Сподвижник Хлебникова, описав столкновение русских футуристов (будетлян) с итальянским футуристом Маринетти (1914 г.), резюмировал: «Признаем ли себя когда‑нибудь — не стыдливо, а исполненные гордости — азиатами? <. > Только осознав в себе восточные истоки, только признав себя азийским, русское искусство сбросит с себя позорное и нелепое ярмо Европы — Европы, которую мы давно переросли»[770]. Об этом и Хлебников: «О, Азия! тобой себя я мучу» (1920). Позиция Хлебникова — антитеза Пушкину, который по всем пунктам был опережающим возражением Хлебникову, начиная от ясного осознания значения истории и понимания гибельности кочевых племен для цивилизации: «Уважение к минувшему — вот черта, отличающая образованность от дикости; кочующие племена не имеют ни истории, ни дворянства»[771].
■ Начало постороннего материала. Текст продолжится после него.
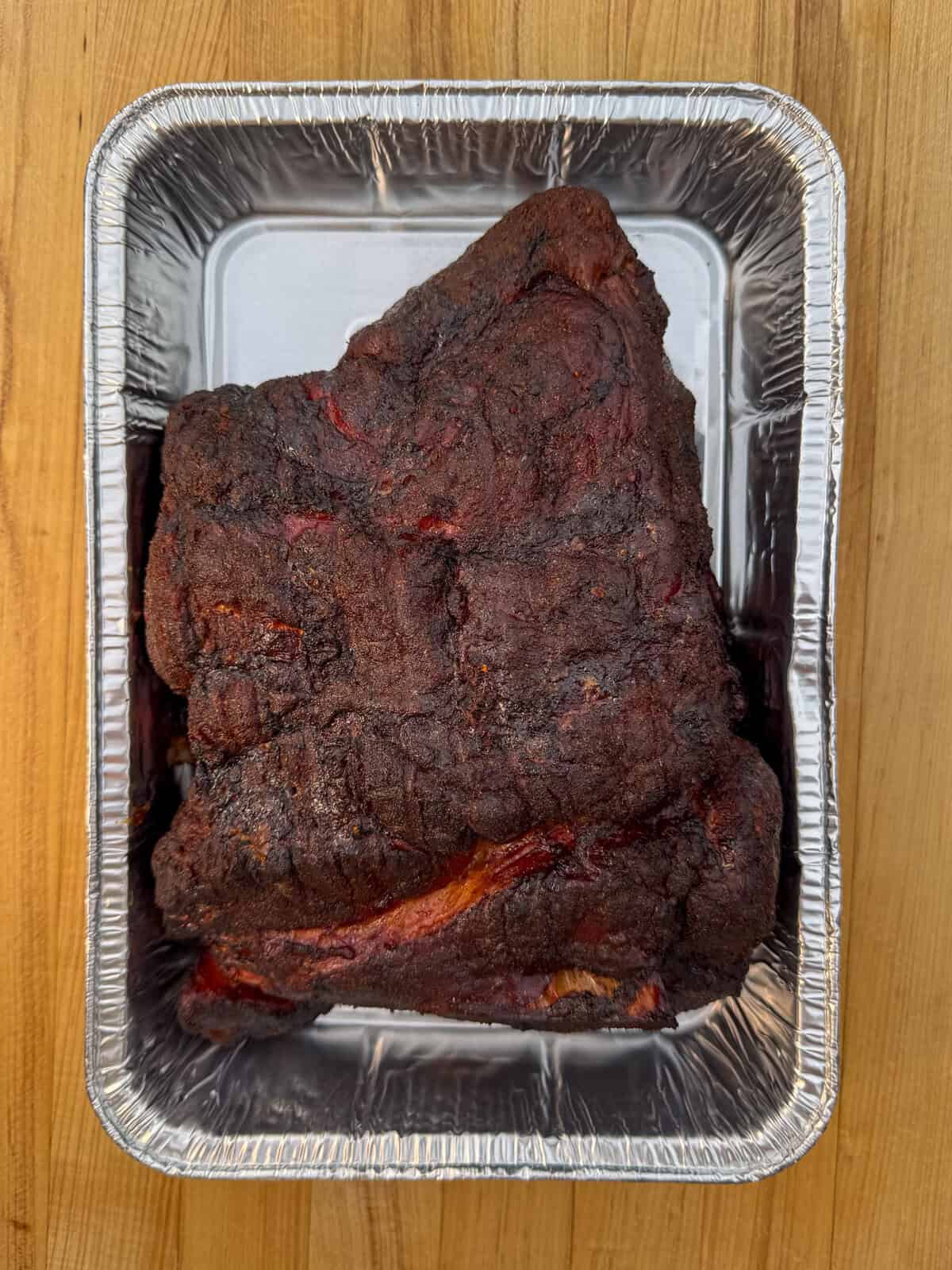 A cooked pork shoulder in a tray about to be shredded.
Хлебников в своей автобиографии подчеркивал свое «антицивилизационное», антипушкинское происхождение: «Родился 28 октября 1885 в стане монгольских <…> кочевников — “Ханская ставка”, в степи»[772]. То есть прямое противопоставление пушкинской традиции. Пушкин боится Пугачева, как создателя «бессмысленного и беспощадного русского бунта», добавлю — степного, поволжского бунта, бунта еще не освоенных кочевых окраин. Здесь же — «в пугачевском тулупчике я иду по Москве». Это совершенно откровенно антипушкинское выступление. Надо сказать, что и в жизни Хлебников вполне выдерживал этот антипушкинский, разбойничий и ницшеанский стиль.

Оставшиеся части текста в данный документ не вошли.